The Big Savage Tunnel

somerset | Meyersdale, PA Mile 22

The Nuts & Bolts: Big Savage Tunnel

• 3,294 feet long

• Original Construction: completed in 1912

• Rebuilt for GAP Use: December 2003, climate doors added in 2005, opening ceremonies occurred in 2006.

• Total Cost: $11,600,000.00

• Engineer: Gannett Fleming

• Contractor: Advanced Construction Techniques (ACT)

• Project Manager: Rolland “Rhody” Rhodomoyer

 

BST Material Fast Facts

  • Cellufoam Grout – 6,000 cubic yards
  • Shotcrete Liner – 1,650 cubic yards
  • Rivets (for drainage layer) – 200,000 (3” rivets 9.5 miles)
  • Drainage Pipes – 3,000’ of 15” ADS; 5,000’ of 10” ADS
  • Drainage Layer – 42,900 feet of drainage layer and back mesh
  • Rock Bolts – 7,000 total
    • (52,800 feet of 8’)
    • (49,500 feet of 12’)
    • 19.4 miles of rock bolts

On the Sunday night after George Cook’s family became the first to pedal through the Great Allegheny Passage’s newly reconstructed Big Savage Tunnel, he received a call from a reporter at the local paper. “One of my big interests in the trail was always to leave something for posterity,” the 83-year-old told The Daily American’s correspondent, Sandra Lepley.[1] Cook, then-president of the Somerset Trust, was a long-time supporter of the Somerset County Rails-to-Trails Association (SCRTA) and served on the Allegheny Trail Alliance (ATA) board.[2] When fellow SCRTA member Paul g Wiegman came up with the idea to auction off the first official ride through the tunnel, Cook’s six sons jumped at the chance to win the experience for their dad as an early Father’s Day gift.[3]

On April 8, 2006, a rainy Saturday morning, four generations of the family rode through the tunnel. George Cook was supposed to be first to ceremoniously pass through the portals, but, as the photos from the day captured, his four-year-old great-grandson Zachia raced to the front of the pack as they neared the tunnel’s end. “Zachia is an example of the future generations who are going to enjoy” the tunnel, Cook told Lepley, and “We were very pleased with the day.”[4]

Original schematics for the Big Savage Tunnel chamber.

This celebration, which was followed by a dedication ceremony in May, was the delayed gratification at the end of a long, costly rehabilitation. The tunnel was originally constructed in 1912 for the Western Maryland Railway to connect Maryland and the Mason-Dixon Line to Pittsburgh.
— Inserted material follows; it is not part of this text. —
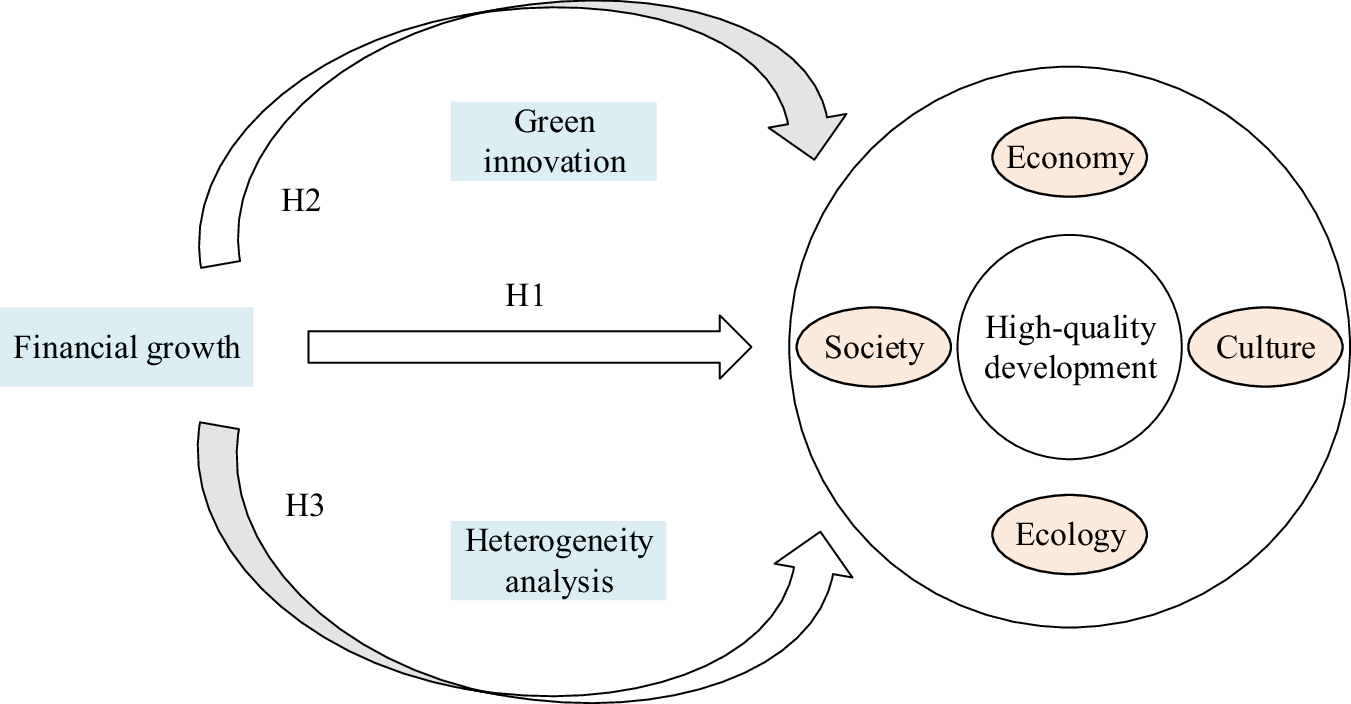 The spatial spillover effect of financial growth on high-quality  development: Evidence from Yellow River Basin in China | Humanities and  Social Sciences Communications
At 3,294 feet long, the Big Savage Tunnel is the longest on the Great Allegheny Passage and provides unhindered travel through Big Savage Mountain.[5] When it was built in the early 20th century, the railroad used the same “O’Rourke” system of airlocks that New York City was using to build their subway system.[6] This method controlled the flow of mud and sand in a small river system 600 feet from the tunnel’s western portal, adding air pressure at 20-35 pounds per square inch.[7] Due to breaches of sediment and water during the course of the original construction in February of 1911, an additional tunnel section was dug to provide space for a concrete liner and structural invert in an effort to seal off the tunnel from the loose soil with the already constructed “timbering” that was placed earlier that previous year.[8] A diagram showcasing the original tunnel design illustrates the additional liner and supporting timber.  Specialized workers called “sand hogs” were trained to work in these pressurized situations so they could reinforce the tunnel with concrete lining.[9] The problem of the sand and mud flow continued to plague the tunnel for decades, requiring many costly repairs until the line was abandoned in 1975.[10]
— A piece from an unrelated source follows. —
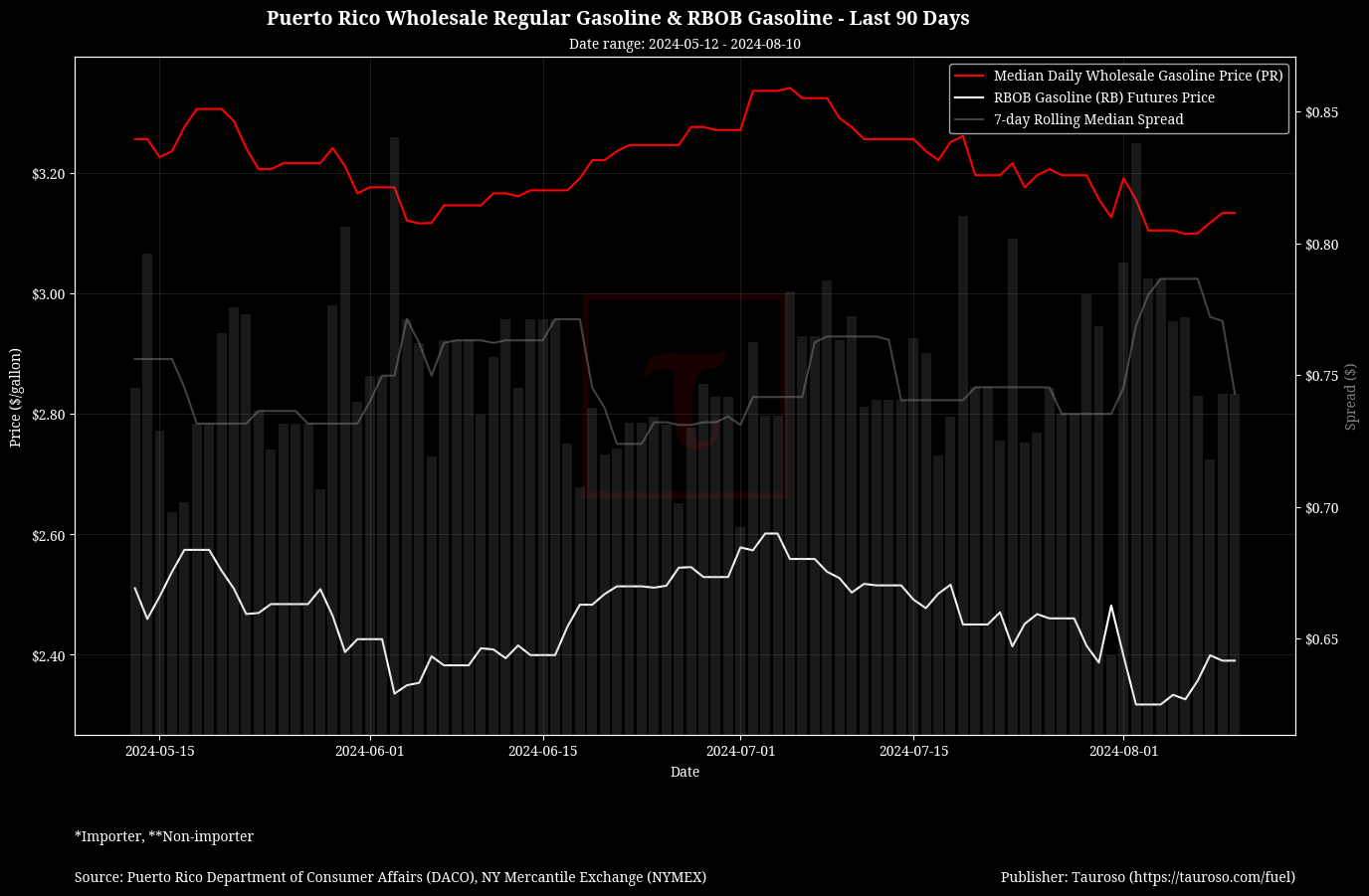 Wholesale Gasoline v RB Gasoline Futures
Linda M. Boxx, president of the Allegheny Trail Alliance led the efforts to raise funds and build the trail through the tunnel, which proved to be the only viable option for navigating Big Savage Mountain without rerouting or segmenting the trail. The first major obstacle was raising enough money to pay for the rehabilitation of the structure. As a nonprofit, the ATA relied heavily on private grants and state funding to complete sections of the trail up to this point. Initial surveys of the tunnel called for total reconstruction and rehabilitation at a $2.5 million price tag.[11] Finding sufficient funds was already a serious concern and was further exacerbated by a more formal evaluation that escalated the estimated cost of reconstruction to nearly  [12]

On April 7, 1997, Boxx drove to Harrisburg for a meeting with John Oliver, Secretary of the Pennsylvania Department of Conservation and National Resources[13], to discuss the tunnel’s mounting price tag.
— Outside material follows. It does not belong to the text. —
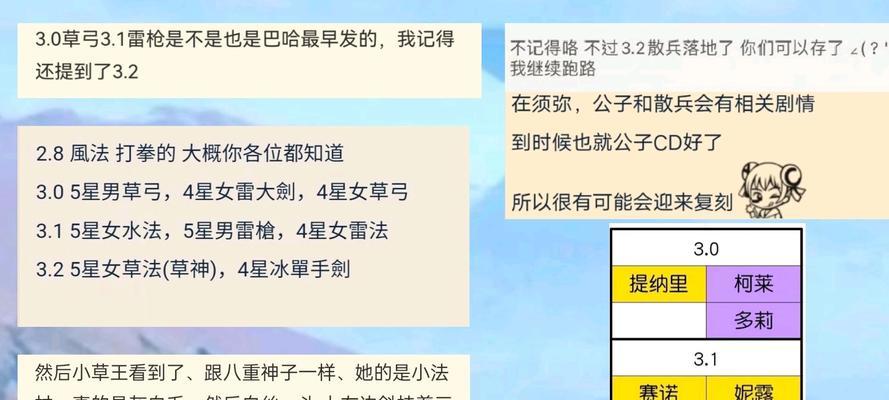 原神须弥草神玩法攻略（揭开须弥草神的神秘面纱，掌握无尽的力量！）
“At this meeting he said, “Well, you need to go see Rick Geist.” And, I said, “Oh, okay, well, the next time he comes to Harrisburg, we’ll make an appointment.” He goes, “You don’t need an appointment. Just call his office and see if you can get to see him this afternoon.”[14]

By 3:00 PM Boxx found herself sitting across from Representative Rick Geist, State House Representative for Altoona and the chair of the Transportation Committee. Geist was also a passionate bicyclist, and within 15 minutes he had directed his staff to insert two line items for the trail into the state capital budget – a $6 million line for the construction of the Big Savage Tunnel and another $10 million for trail construction. When the budget passed, the line items were included in the DCNR’s capital improvement budget.[15]

The second hurdle was the construction of the tunnel itself, which had a myriad of its own problems. Years of neglect created rampant issues of moisture and uneven soil in the tunnel. Big Savage Mountain is a large aquifer that produces a constant flow of water and residual moisture. Mixing that moisture with seasonal freezing and thawing conditions degraded the integrity of the tunnel, causing damage to both the north and south entrance portals.[16] Both portals developed “dams” of mud, creating a waist-deep pond of water around waist-deep. It was essential that the tunnel undergo a proper assessment and rehabilitation.[17] To tackle this challenge Project Manager Rolland “Rhody” Rhodomoyer, who had just retired after working thirty-eight and a half years for the Pennsylvania Department of Transportation and DCNR as a surveyor/construction manager, came out of retirement to see this project through.[18]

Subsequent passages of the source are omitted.